Cette précarité explique peut-être qu’Olivia ne semble ni mariée ni maman. À 28 ans, cette double singularité la distingue très clairement de sa grand-mère et de sa mère. En effet, la première est mariée à 23 ans et mère de cinq enfants dix ans plus tard ; la seconde se marie à 21 ans et a trois enfants. On a là une double évolution : le mariage a fortement reculé au profit du célibat et d’autres formes d’union (le PACS notamment), le mariage étant lui-même plus tardif.

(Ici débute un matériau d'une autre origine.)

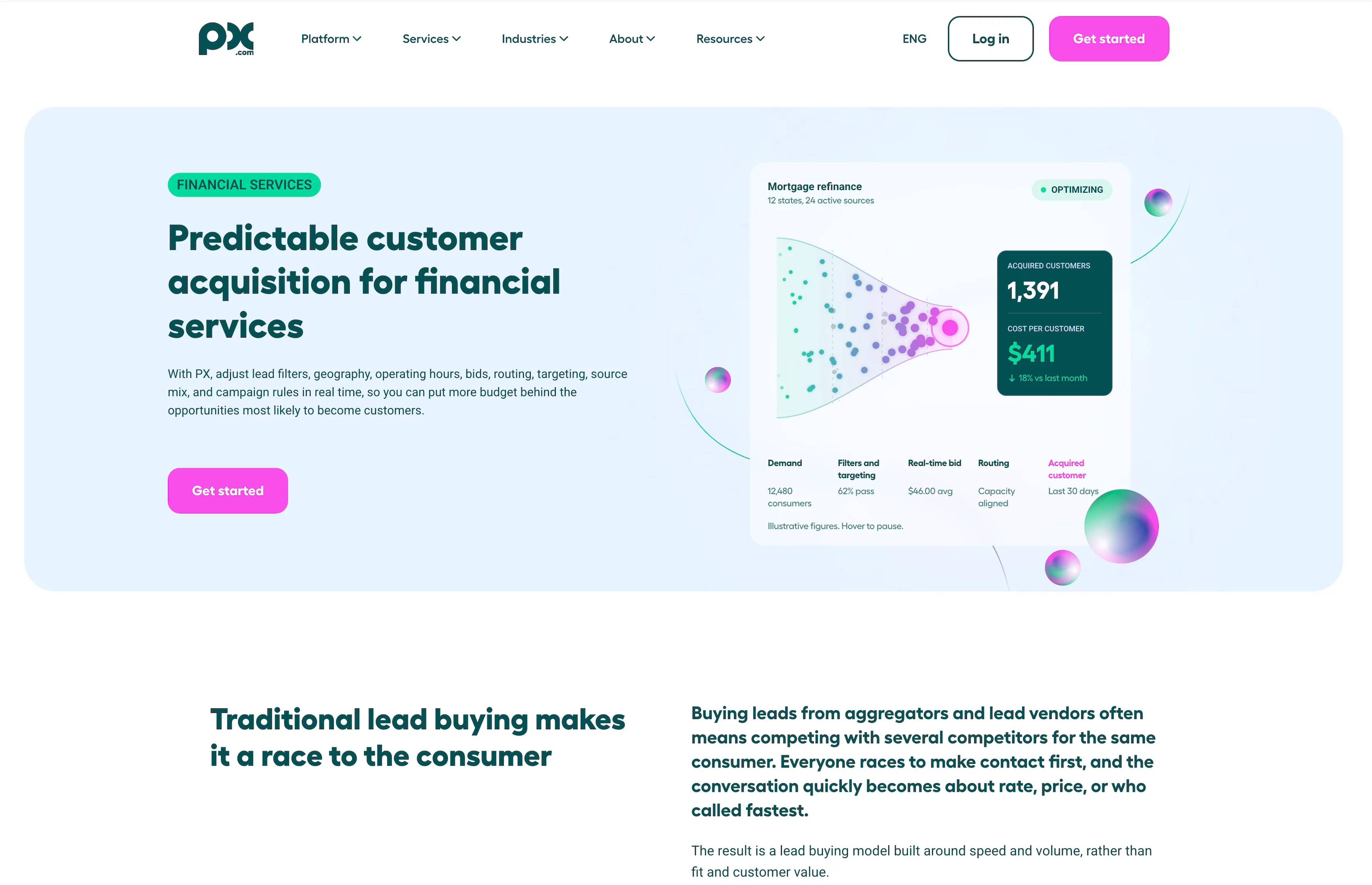 PX.com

Ce changement accompagne celui de la maternité, marqué par un recul de l’âge à la première naissance et une réduction forte du nombre d’enfants par femme (tombé sous les 2 depuis dès les années 1970). Cette forte baisse de l’indice de fécondité s’explique par de multiples facteurs sociaux et culturels mais aussi par l’essor de la contraception, dont Josette regrette l’absence …
Josette a eu, sa fille en témoigne clairement, l’existence difficile de bien des femmes de son temps, d’autant que les soucis de santé de son mari, en une période où les assurances sociales sont réduites, l’obligent à mener de front la vie double vie de mère de famille et d’institutrice. Marie-France souligne ainsi l’absence de loisirs de sa mère et Josette insiste tout particulièrement sur la corvée de la lessive, avec 5 enfants. Si la période qui débute en 1945 est celle d’une amélioration rapide des conditions de vie, sa diffusion se fait progressivement de la ville vers les campagnes et des classes supérieures vers les classes populaires. Pour les femmes, la révolution du travail domestique tient dans l’équipement des ménages en électroménager, en particulier la machine à laver, possédée par seulement 8 % des Françaises en 1054 et 65 % en 1974. Les femmes y ont ainsi des corvées moins pénibles mais dégagent aussi du temps qui amène nombre d’entre elles sur le marché du travail. Il faut remarquer que Marie-France a conscience du changement lié à l’équipement de la maison pour sa vie de femme, alors que pour sa fille, ses équipements ne font pas question car ils ont toujours été présents.
En conclusion, il serait peut-être intéressant de se demander laquelle des trois femmes a l’existence la plus agréable.